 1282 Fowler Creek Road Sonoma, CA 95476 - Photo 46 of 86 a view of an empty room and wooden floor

........

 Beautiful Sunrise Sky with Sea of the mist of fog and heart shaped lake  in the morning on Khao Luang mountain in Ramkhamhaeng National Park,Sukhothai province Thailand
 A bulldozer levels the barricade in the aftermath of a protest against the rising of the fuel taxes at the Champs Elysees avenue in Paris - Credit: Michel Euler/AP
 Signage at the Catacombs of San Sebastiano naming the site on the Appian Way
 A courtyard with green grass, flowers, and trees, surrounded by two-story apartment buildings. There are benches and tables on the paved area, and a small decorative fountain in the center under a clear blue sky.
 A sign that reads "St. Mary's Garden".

........

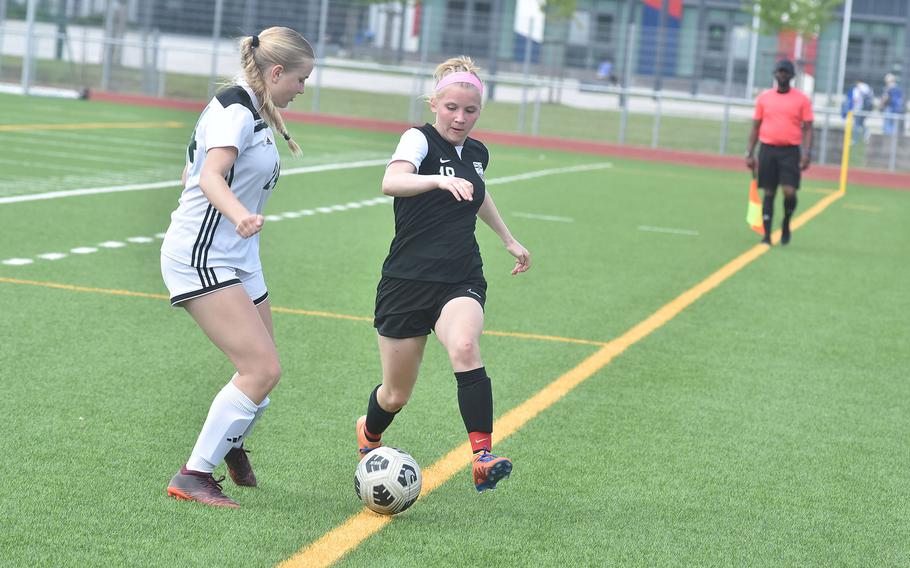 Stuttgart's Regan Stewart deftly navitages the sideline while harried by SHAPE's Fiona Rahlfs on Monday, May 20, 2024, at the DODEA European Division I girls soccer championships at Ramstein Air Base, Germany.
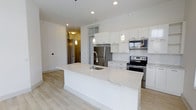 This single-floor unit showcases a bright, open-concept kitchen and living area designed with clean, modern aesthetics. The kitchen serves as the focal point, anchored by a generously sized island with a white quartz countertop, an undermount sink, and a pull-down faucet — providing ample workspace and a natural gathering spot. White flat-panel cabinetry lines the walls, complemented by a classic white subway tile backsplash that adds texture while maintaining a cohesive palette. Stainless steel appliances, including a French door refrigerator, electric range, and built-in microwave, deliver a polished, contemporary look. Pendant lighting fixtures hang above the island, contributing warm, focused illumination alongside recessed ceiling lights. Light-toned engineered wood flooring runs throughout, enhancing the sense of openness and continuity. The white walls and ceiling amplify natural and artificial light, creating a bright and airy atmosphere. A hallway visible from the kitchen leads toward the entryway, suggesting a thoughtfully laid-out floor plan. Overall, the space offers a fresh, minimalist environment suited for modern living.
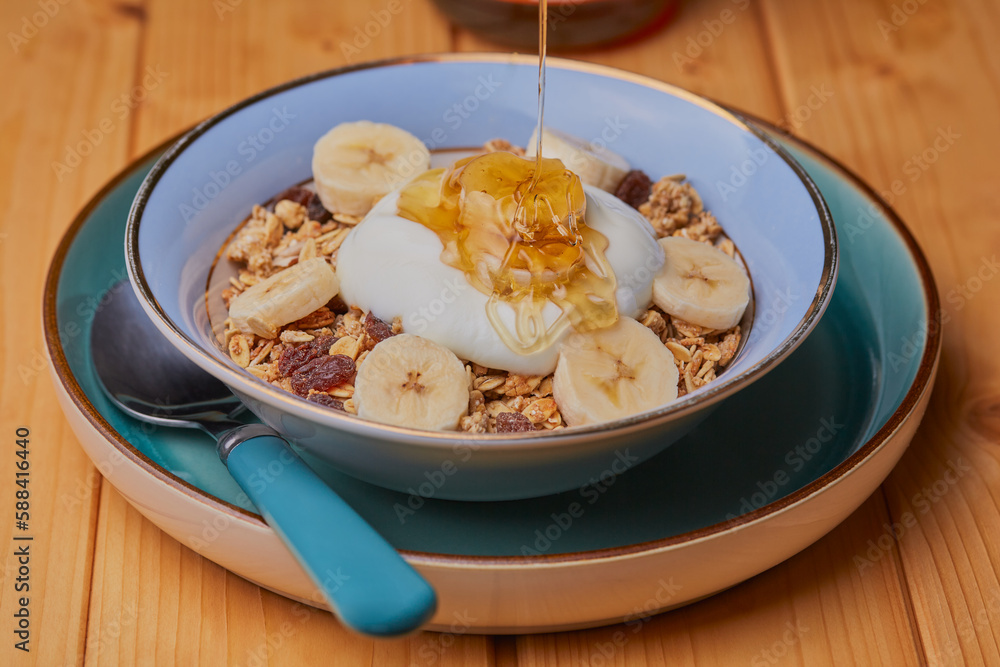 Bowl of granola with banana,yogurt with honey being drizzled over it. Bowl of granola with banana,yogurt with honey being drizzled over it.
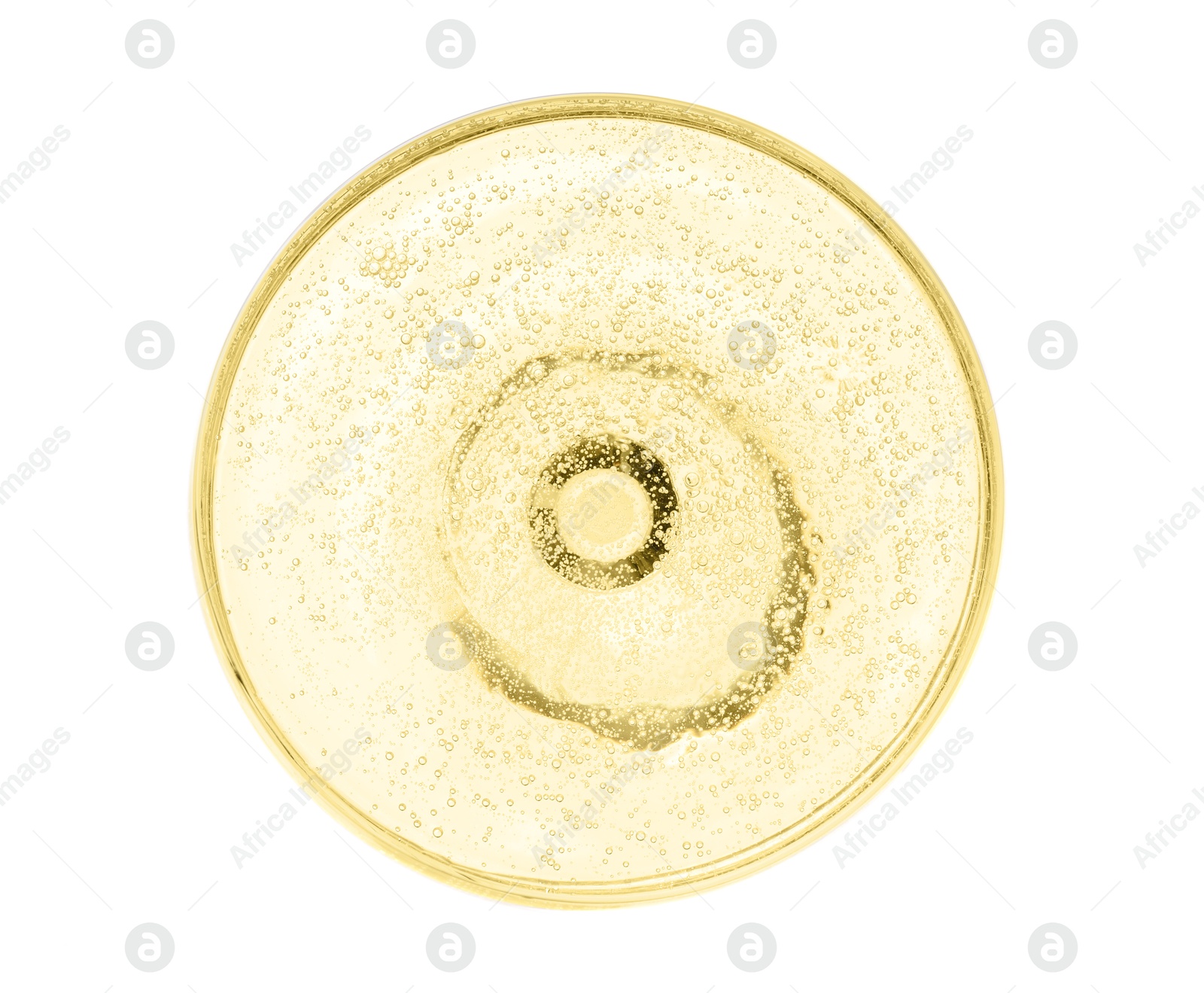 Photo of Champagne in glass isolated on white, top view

........

» Task instructions
The lines to copy exactly start with the line above that has "over it. Bowl" and go on through the line that has "Photo of Champagne"; please include both, add nothing else, and omit the pictures.

» Response to the task
 Bowl of granola with banana,yogurt with honey being drizzled over it. Bowl of granola with banana,yogurt with honey being drizzled over it.
 Photo of Champagne in glass isolated on white, top view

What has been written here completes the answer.